Frankenstein d'après Mary Shelley - Kenneth Branagh

Frankenstein ou le Prométhée moderne est, à l’origine, un roman épistolaire publié anonymement en 1818 par Mary Shelley traduit pour la première fois en français en 1821.

Le roman comme le film de Kenneth Branagh sorti en 1994, relatent la création par un jeune savant suisse, Victor Frankenstein, d'un être vivant assemblé avec des parties de chairs mortes. Peu avant de partir pour l'université, Victor, traumatisé par la mort de sa mère, jure sur sa tombe qu'il trouvera un jour le moyen de vaincre la mort. Il parviendra à mener à bien son obsession. Il passera des mois d'efforts à ressusciter un être à partir de lambeaux d’organes, de membres et de corps de divers défunts. Mais une fois sa créature ainsi réanimée, Victor sera horrifié par l’aspect effroyable de cet être auquel il aura pourtant donné la vie et il abandonnera son « monstre ». Après avoir échappé à son concepteur, la créature accède malgré tout à l’apprentissage du langage, elle devient intelligente, elle est peu à peu douée de la faculté de communiquer, d’aimer, de chercher à se faire aimer, aussi, sans succès bien sûr tant son apparence est repoussante et hideuse. Le « monstre » est également capable de s’émouvoir et de cette aptitude qui aura totalement dépassé son créateur, naîtra un infini ressentiment de se voir éternellement pourchassé, exclu et banni. Le monstre se vengera d'avoir été rejeté et persécuté par la société et à l’origine par celui-là même qui l’aura fait naître en lui laissant comme seul héritage la solitude, la disgrâce et la désolation. Notons que le roman et ses diverses adaptations portent le nom du savant démiurge mais que la créature « enfantée » par le docteur Frankenstein n’a quant à elle pas de nom et c’est en réalité ce qui constitue toute la tragédie du sort qui lui est réservé. Puisqu’elle n’a pas d’identité, que son inventeur lui dénie toute filiation, elle n’est par conséquent plus rien, rien qu’abjection et difformité.

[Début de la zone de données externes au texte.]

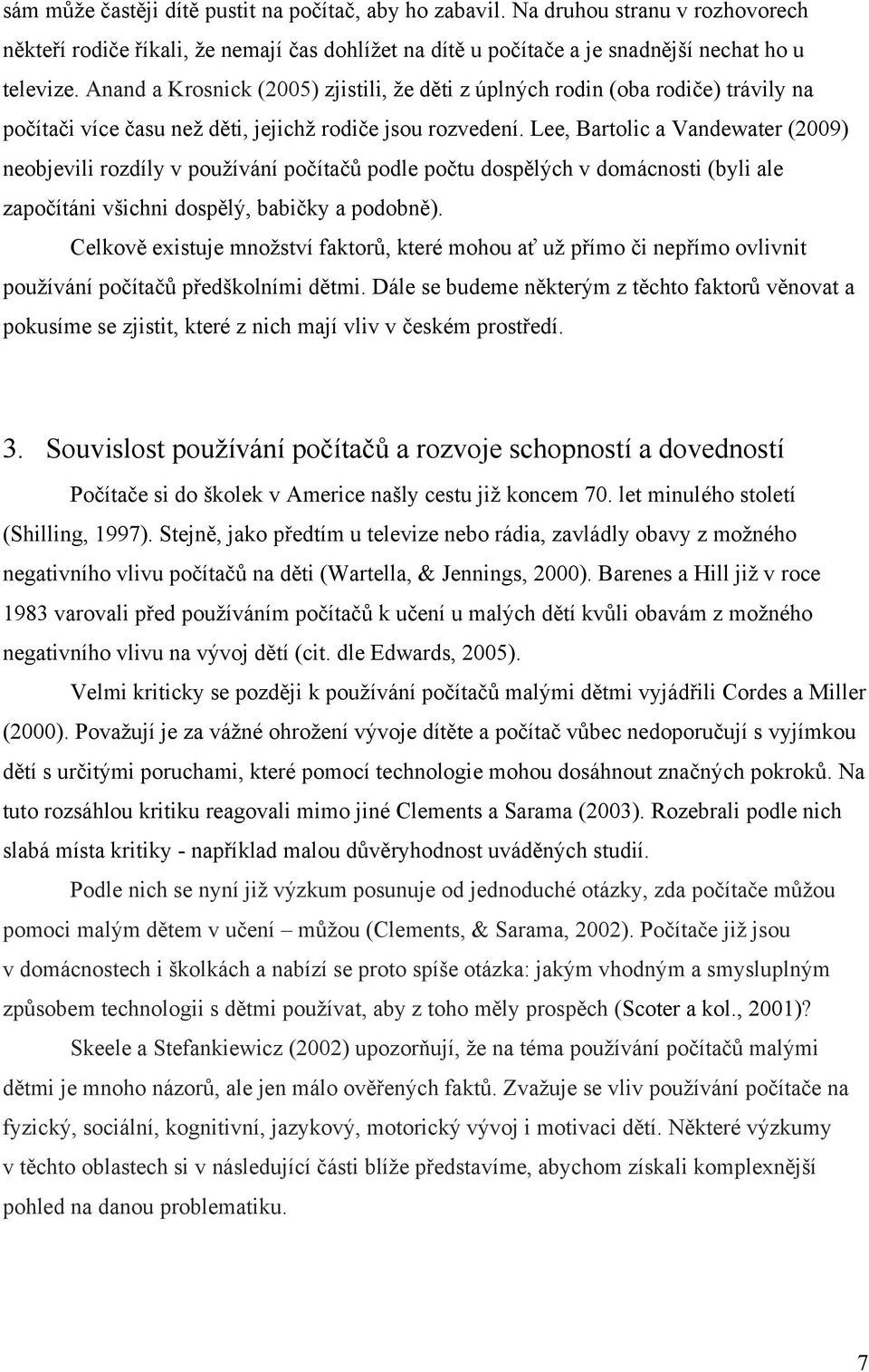 Lee, Bartolic a Vandewater (2009) neobjevili rozdíly v pouţívání počítačů podle počtu dospělých v domácnosti (byli ale započítáni všichni dospělý, babičky a podobně).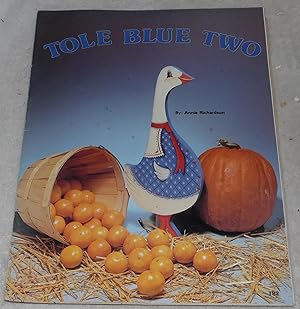 Seller image for Tole Blue Two for sale by Pheonix Books and Collectibles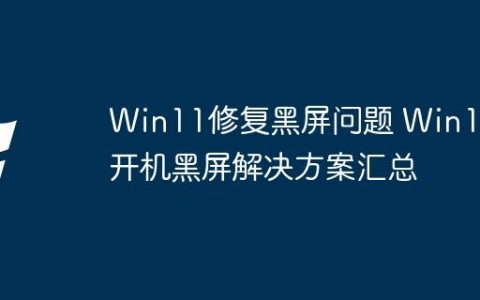 Win11修复黑屏问题 Win11开机黑屏解决方案汇总
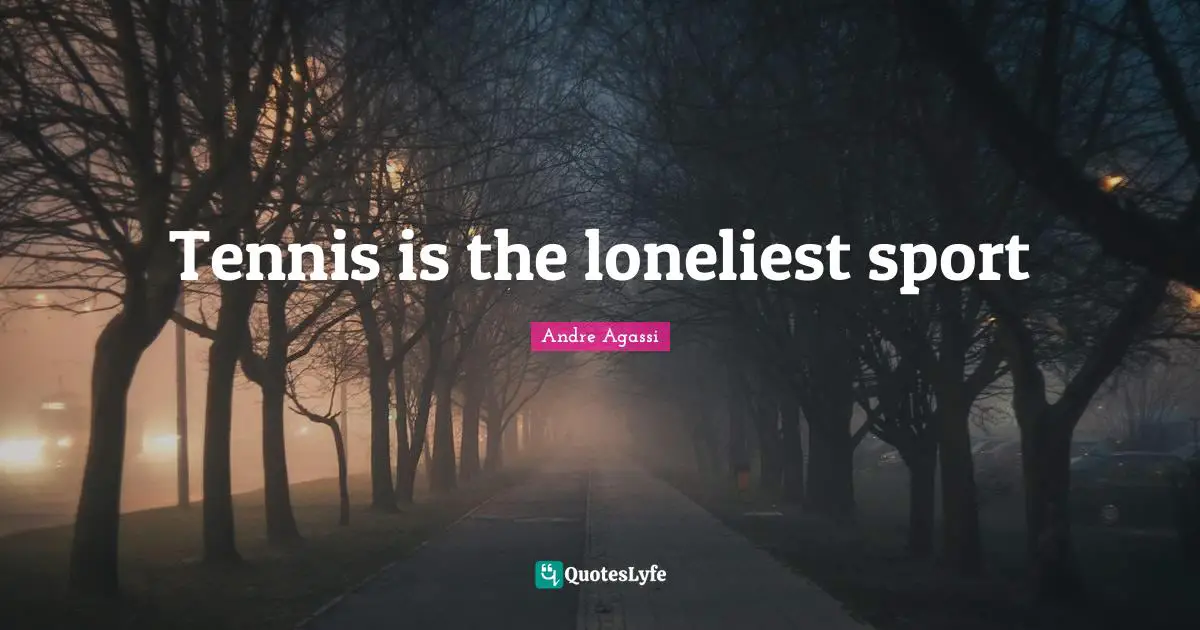 Tennis is the loneliest sport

Depuis sa publication, Frankenstein a suscité de très nombreuses adaptations, tant pour la scène du théâtre ou du music-hall que pour le cinéma, la télévision, la bande dessinée ou les jeux vidéo qui se sont également emparés du sujet, quitte à le déformer en le parodiant et même parfois avec bonheur et irrévérence : on pense notamment au savoureux Frankenstein Junior de Mel Brooks. Frankenstein a donc tout d’abord été un mythe littéraire et le plus emblématique des romans gothiques. Il fut en effet ainsi caractérisé lors de sa publication. Toutefois, cette œuvre, au-delà de cette particularité esthétique (puisqu’elle recèle tous les ingrédients de l’angoisse et de la dysphorie), contient également de nombreuses autres dimensions, notamment philosophiques et éthiques. Après avoir été une légende littéraire, Frankenstein devient un mythe cinématographique, et plus largement un élément de la culture populaire. Si les versions cinématographiques de 1935 et de 1942, avec respectivement Bela Lugosi et Boris Karloff qui incarnent le « monstre », restent indéniablement dans les mémoires, c’est le film de Kenneth Branagh sorti en 1994, intitulé Frankenstein ou Frankenstein d'après Mary Shelley, qui s’inspire le plus directement et le plus fidèlement du roman de son autrice et c’est pour cette raison qu’il présente à mon sens, un intérêt tout particulier. Chacune des trois dimensions : esthétique, philosophique et éthique, y sont admirablement rendues. Les décors et les dispositifs techniques, à la fois somptueux et extrêmement sophistiqués sont sublimés par une direction de la photographie, un cadre et une gestion de la lumière, magistrales. Quant à la distribution, à la direction des acteurs et à leur interprétation, elle est tout simplement bouleversante en tout point. Adepte de la méthode de l'Actor’s Studio, Robert de Niro qui incarne la créature, s’est documenté sur les pathologies liées aux accidents vasculaires cérébraux pour préparer son rôle et travailler notamment la voix de la créature.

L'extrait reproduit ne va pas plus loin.